I've attached trace level log now
Comment 11 Jonathan Kang 2023-06-30 13:25:16 UTC
In your setup, NetworkManager logs "startup complete" when ipv4 succeeds, and this triggers NetworkManager-wait-online to quit. But at that moment, NetworkManager is still at the process of setting manual ipv6 address. This is caused by the "ipv6.may-fail" property defaulting to TRUE. So when dhcp4 succeeded, NetworkManager thought it's time to finish the startup.

Can you try setting "ipv6.may-fail" to FALSE and see if this makes any difference?

> nmcli connection modify Wired\ Connection\ 1 ipv6.may-fail no
Comment 12 Adam Majer 2023-06-30 15:00:34 UTC
(In reply to Jonathan Kang from comment #11)
> In your setup, NetworkManager logs "startup complete" when ipv4 succeeds,
> and this triggers NetworkManager-wait-online to quit. But at that moment,
> NetworkManager is still at the process of setting manual ipv6 address.
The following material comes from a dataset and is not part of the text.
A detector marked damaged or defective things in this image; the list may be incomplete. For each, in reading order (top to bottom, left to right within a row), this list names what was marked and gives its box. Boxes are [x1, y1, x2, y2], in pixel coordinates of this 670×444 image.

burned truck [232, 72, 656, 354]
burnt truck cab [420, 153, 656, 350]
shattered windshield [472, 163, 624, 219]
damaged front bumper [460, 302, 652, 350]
This
> is caused by the "ipv6.may-fail" property defaulting to TRUE. So when dhcp4
> succeeded, NetworkManager thought it's time to finish the startup.
> 
> Can you try setting "ipv6.may-fail" to FALSE and see if this makes any
> difference?
> 
> > nmcli connection modify Wired\ Connection\ 1 ipv6.may-fail no

setting may-fail to false, seem to fix my problem. Thanks!
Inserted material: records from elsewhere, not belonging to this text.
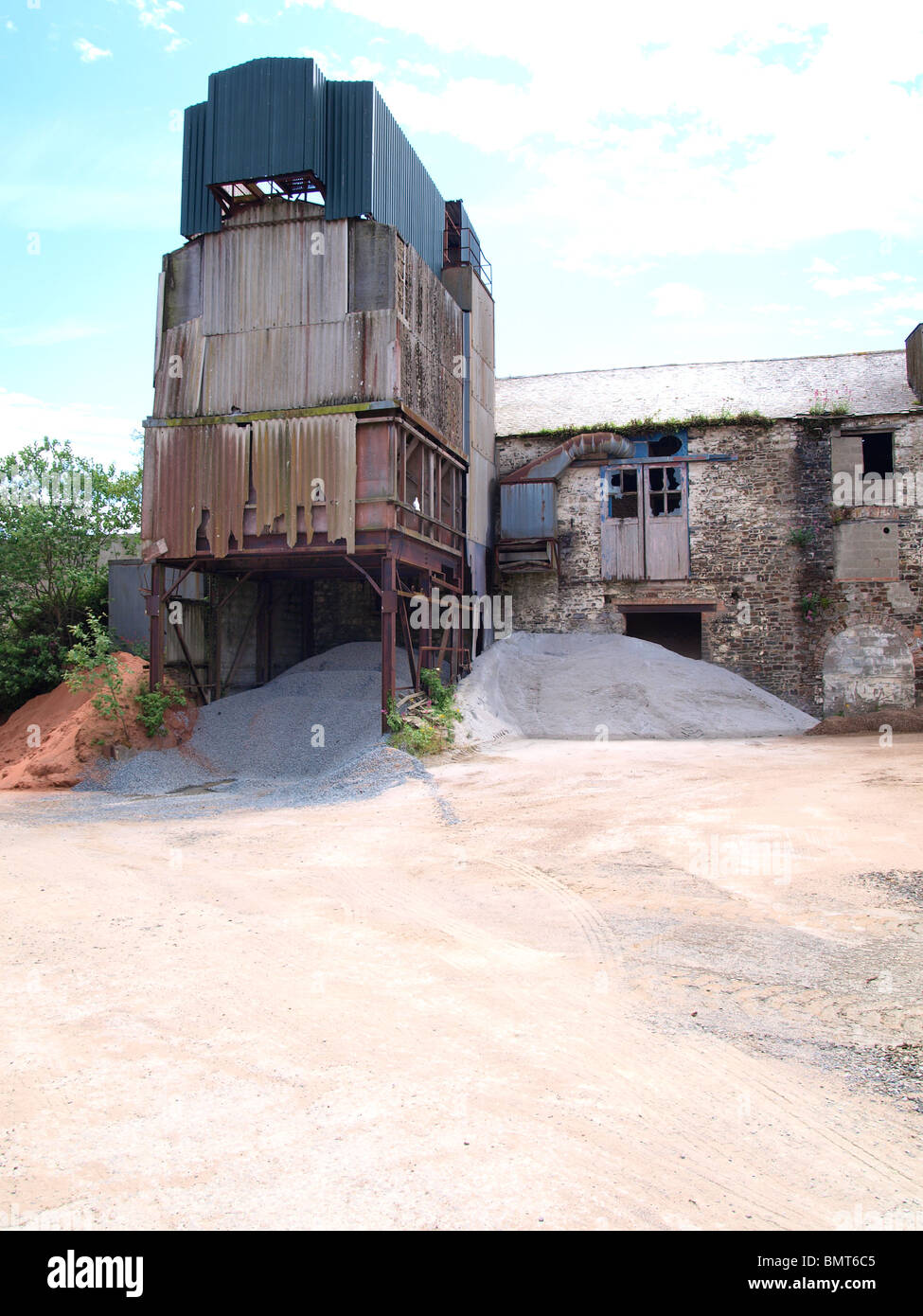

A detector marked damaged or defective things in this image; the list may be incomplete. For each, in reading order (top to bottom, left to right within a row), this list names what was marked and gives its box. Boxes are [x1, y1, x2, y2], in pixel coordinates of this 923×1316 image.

rusty metal panel [200, 210, 345, 334]
rusty metal panel [142, 423, 248, 558]
rusty metal panel [251, 416, 355, 550]
rusty metal panel [500, 478, 550, 539]
broken window [608, 468, 637, 518]
broken window [858, 434, 895, 481]
rusted steel frame [149, 558, 164, 694]
rusted steel frame [161, 558, 199, 602]
rusted steel frame [172, 621, 209, 705]
rusted steel frame [209, 568, 251, 613]
rusted steel frame [217, 597, 257, 700]
rusted steel frame [339, 555, 379, 597]
rusted steel frame [379, 552, 395, 737]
The question is then, shouldn't manually defined settings automatically default to may-fail=no, if there is no specific value set in this field?

I assume this probably should be discussed with upstream when may-fail should default to false and when to true. The current case when it always defaults to true is ... confusing.
Comment 13 Jonathan Kang 2023-07-03 12:31:02 UTC
(In reply to Adam Majer from comment #12)
> 
> setting may-fail to false, seem to fix my problem. Thanks!
> 
> The question is then, shouldn't manually defined settings automatically
> default to may-fail=no, if there is no specific value set in this field?
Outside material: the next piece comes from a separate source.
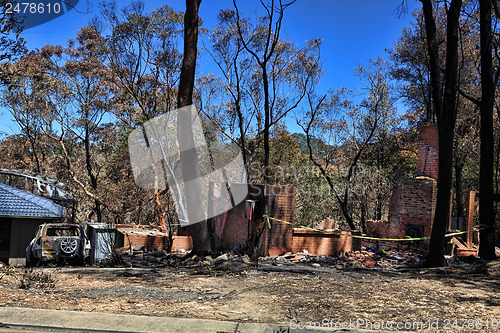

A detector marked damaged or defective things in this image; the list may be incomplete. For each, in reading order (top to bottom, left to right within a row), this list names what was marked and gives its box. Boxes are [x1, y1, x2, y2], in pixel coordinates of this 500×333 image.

charred car [26, 223, 91, 264]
By default, NetworkManager set this property for each new connection to TRUE. This is a safe default for all kinds of connections. Setting this to FALSE may cause  infinite waiting for scenarios where users don't have an IPv6 address.
> 
> I assume this probably should be discussed with upstream when may-fail
> should default to false and when to true. The current case when it always
> defaults to true is ... confusing.

I think this is more of a problem about NetworkManager deciding it's time to quit NetworkManager-wait-online when it got an IPv4 address(without internet access), but at that time the manual IPv6 address is still in the process of pending/configuring.

It sure is a good idea to talk to upstream developers and see what they think about this issue.